There are some who prefer a salt water pool over a regular chlorinated pool. A salt water pool is still chlorinated; the difference is the type of chlorine being used. In a salt water pool, a salt chlorine generator produces its own chlorine; and it is this chlorine that is used to sanitize the pool.
Advantages of salt water pool over regular pools
- Salt water pool water is gentler on skin, hair and eyes and feels much softer than regular pool water.
- Chloramines are not produced in salt water pools; they are destroyed during the chlorine generating process.
- If the settings on the chlorine generator are set properly, the pool will produce the right amount of chlorine and keep the water at the correct chemical balance at all times.
- There is no need to purchase, store or handle dangerous chemicals.
With a salt water pool, you do not need to buy, add, or mix chlorine to the water. While this is the main difference, salt water pools do differ from regular pools in other ways. This does not mean a salt water pool does not require maintenance—in fact, a salt water pool requires regular maintenance as much as a regular pool does, even if it is a bit different.
How to maintain it on daily, weekly, monthly, and quarterly basis?
- Daily tasks include clearing the skimmer, emptying the pump basket and skimming the debris from the surface of the pool water. Keeping your swimming pool filter and pool clean will save you time and money.
- Weekly pool maintenance tasks should include checking the pool water pH and free chlorine levels. You can do these tests using a test kit or test strips.
Ideal pool pH should be in the 7.2-7.6 range and free chlorine should be between 1.0 and 3.0 ppm. You can re-adjust the chlorine generator accordingly to fix any ups or downs in the free chlorine levels.
To increase the pH level, sodium bicarbonate can be used and to lower the pH level, add sodium carbonate to the pool water.
- Monthly pool maintenance tasks involve testing and balancing the chemicals and a thorough cleaning of the pool. Check salinity, alkalinity, cyanuric acid and calcium hardness.
- To test the salinity, you might need to use a salt meter or testing kit. In most cases the generator’s control panel will display the water’s salinity levels. Low salt levels can be adjusted by adding more salt but if the salt level is high then you will need to dilute the pool water.

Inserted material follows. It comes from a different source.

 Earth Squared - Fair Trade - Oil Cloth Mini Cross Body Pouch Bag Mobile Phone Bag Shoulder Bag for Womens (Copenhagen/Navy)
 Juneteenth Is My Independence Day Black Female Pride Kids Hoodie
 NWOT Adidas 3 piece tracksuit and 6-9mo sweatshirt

- High alkalinity is easy to detect as it leads to cloudy pool water whereas low alkalinity can cause pool damage. Proper alkalinity lies between 80 and 120 ppm. To raise the alkalinity of water, add sodium bicarbonate and to lower alkalinity, add sodium bisulphate or muriatic acid.
- Cyanuric acid acts as a stabilizer for your pool water and a proper level will protect your pool’s chlorine from being diminished by UV rays in sunlight. Without a stabilizer, 90% of the chlorine in the water can be lost to UV rays on a sunny day. The level of cyanuric acid in a salt water pool should be 70 and 80 ppm. To lower its level, you will have to drain and then add fresh water.
- Calcium hardness needs to be balanced; proper level of calcium hardness is between 200 – 400 ppm. Flocculant is used to lower the calcium hardness of pool water.
- Quarterly tasks include checking your pool’s salt cell. To do this turn off the power of the salt cell generator. Open the unit to look for any buildup. Rinse it off and put it back. If there is buildup then you will need to clean it thoroughly.
To clean buildup you can use a brush to scrub off or spray it off with a high-pressure nozzle. You can also soak it in a mild hydrochloric acid wash.
This is a good time to thoroughly clean your pool pump, filters and skimmer.
Salt water pools are low maintenance pools in comparison to regular pools, but still require regular maintenance to provide a safe and healthy environment for swimmers.